(Saved data entries)
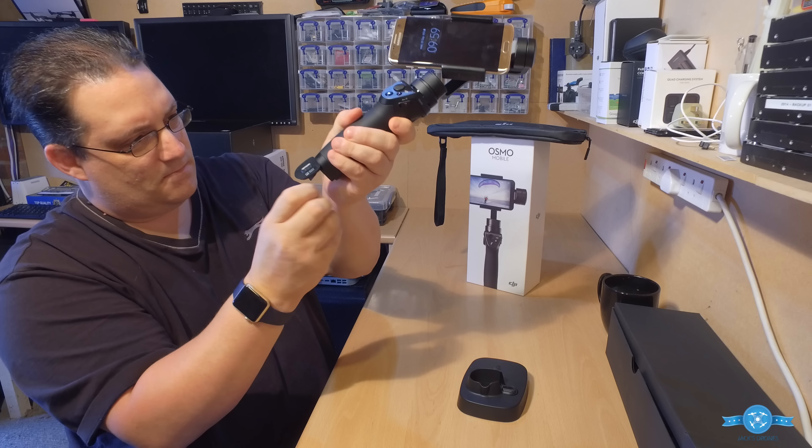One thing I've noticed using the Samsung Edge — an Android device — is that you can't live stream to Facebook. It's not activated in the DJI GO app for Android. If you put an iPhone on here you'll see a live stream option in settings, but for Android it's just not there yet. However, one workaround is to close down the DJI GO app and go directly to the Facebook app on your phone to live stream that way. The stabilization will still function without DJI GO running.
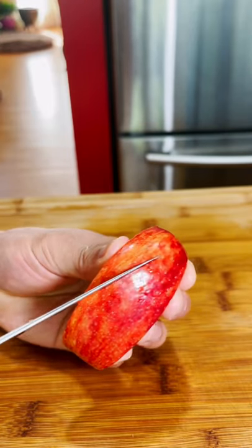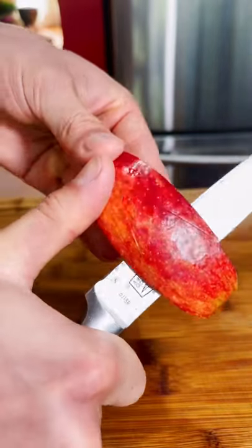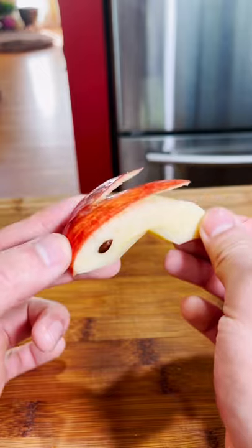Then decide where your bunny ears are going to be, lightly score with a knife on both sides, and just carefully carve the skin off the apple up until the point where the ears meet. And voila — don't cut your finger! Look how cute she is. We're going to add some eyes, completely optional, and then we're done. Yippee!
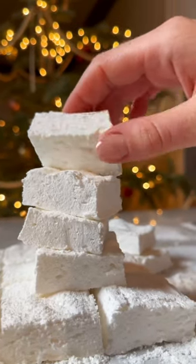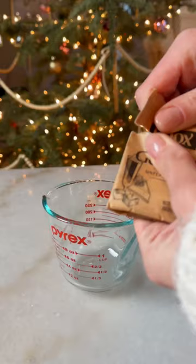Did you know you can make marshmallow from just three simple ingredients, and it's actually so easy? First, we're going to bloom the gelatin in boiling water. Give it a good mix.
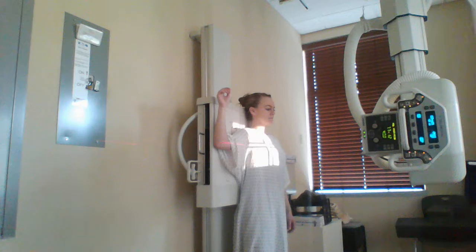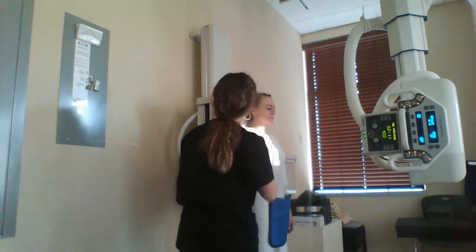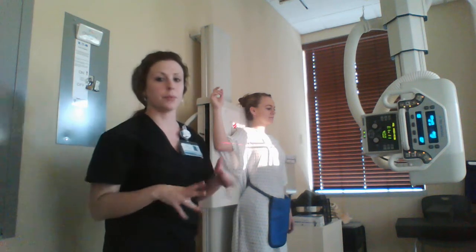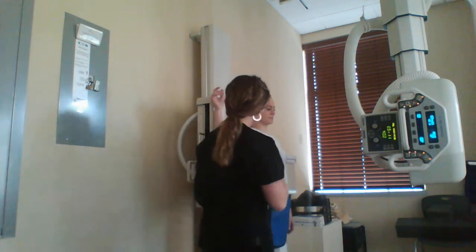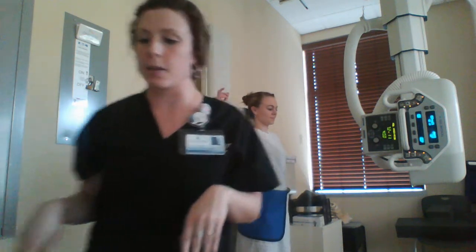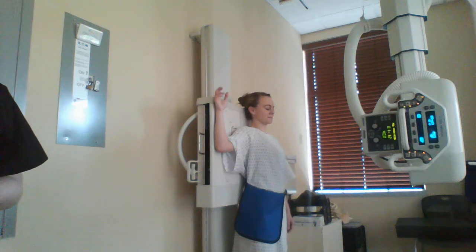Before I take the exposure, I'm going to shield the patient. And don't forget to mark it — put our right marker there. For this exposure, I'm going to have her breathe slowly. So just breathe real slow for me. Take the exposure. You can breathe normal. For the AP scapula, what you're going to see is the lateral portion of the scapula free of superimposition from the ribs, the scapula horizontal and not slanted, scapular detail through the superimposed lung and ribs, the acromion and inferior angle, and soft tissue and bony trabecular detail.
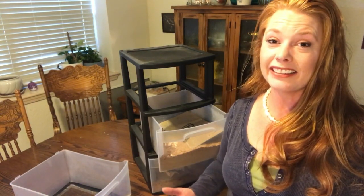Self-sustaining is a step at a time. I don't believe there is such a thing as 100% self-sufficiency, but I do believe that each and every step we take is a step in the right direction. Do what you can, even if it's just growing herbs in your windowsill.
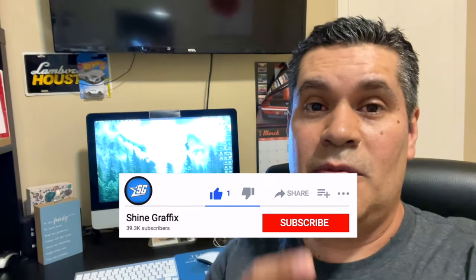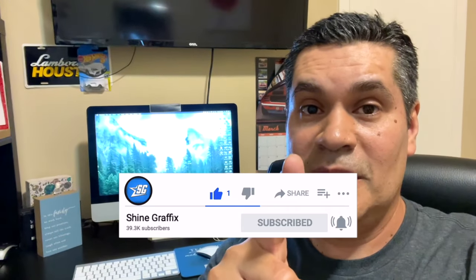Those are the only cons I found. The product is amazing — let me know what you think in the comments. Thank you for watching, if you liked the video please like and subscribe for more videos like this one, and see you in the next video.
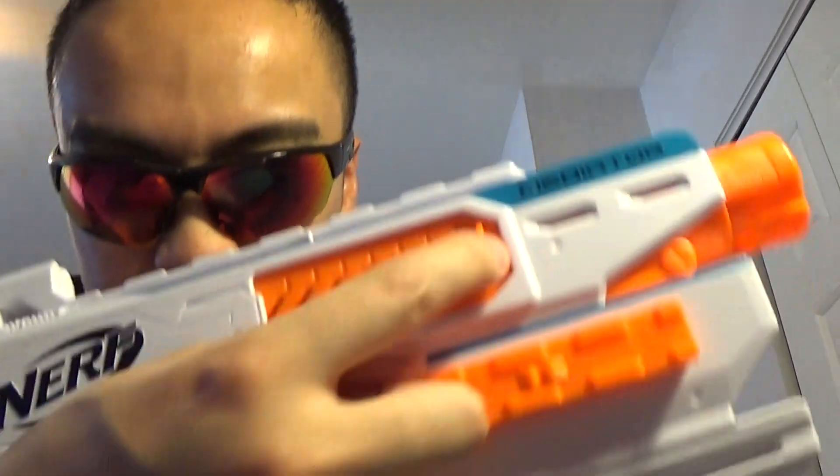You have to make sure the dart head is facing the same way as the imprint in the magazine. You can also wiggle them out to unload without firing. I've fired this blaster quite a few times and have yet to have a jam.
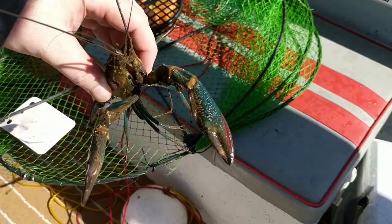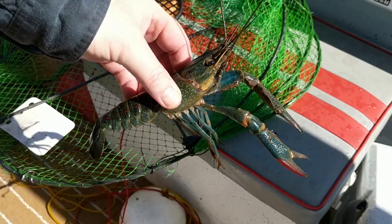G'day, it's Jim at Urban Self-Sufficiency. In this video I take my boat out to an amazing freshwater lake to see if I can catch some crayfish. I'll give some tips at the end so be sure to stick around.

**What needs to be done:** Skipping the pictures, output the entries exactly as they appear above.

**Solved exercise:**
One thing I've noticed using the Samsung Edge — an Android device — is that you can't live stream to Facebook. It's not activated in the DJI GO app for Android. If you put an iPhone on here you'll see a live stream option in settings, but for Android it's just not there yet. However, one workaround is to close down the DJI GO app and go directly to the Facebook app on your phone to live stream that way. The stabilization will still function without DJI GO running.
Then decide where your bunny ears are going to be, lightly score with a knife on both sides, and just carefully carve the skin off the apple up until the point where the ears meet. And voila — don't cut your finger! Look how cute she is. We're going to add some eyes, completely optional, and then we're done. Yippee!
Did you know you can make marshmallow from just three simple ingredients, and it's actually so easy? First, we're going to bloom the gelatin in boiling water. Give it a good mix.
Before I take the exposure, I'm going to shield the patient. And don't forget to mark it — put our right marker there. For this exposure, I'm going to have her breathe slowly. So just breathe real slow for me. Take the exposure. You can breathe normal. For the AP scapula, what you're going to see is the lateral portion of the scapula free of superimposition from the ribs, the scapula horizontal and not slanted, scapular detail through the superimposed lung and ribs, the acromion and inferior angle, and soft tissue and bony trabecular detail.
Self-sustaining is a step at a time. I don't believe there is such a thing as 100% self-sufficiency, but I do believe that each and every step we take is a step in the right direction. Do what you can, even if it's just growing herbs in your windowsill.
Those are the only cons I found. The product is amazing — let me know what you think in the comments. Thank you for watching, if you liked the video please like and subscribe for more videos like this one, and see you in the next video.
You have to make sure the dart head is facing the same way as the imprint in the magazine. You can also wiggle them out to unload without firing. I've fired this blaster quite a few times and have yet to have a jam.
G'day, it's Jim at Urban Self-Sufficiency. In this video I take my boat out to an amazing freshwater lake to see if I can catch some crayfish. I'll give some tips at the end so be sure to stick around.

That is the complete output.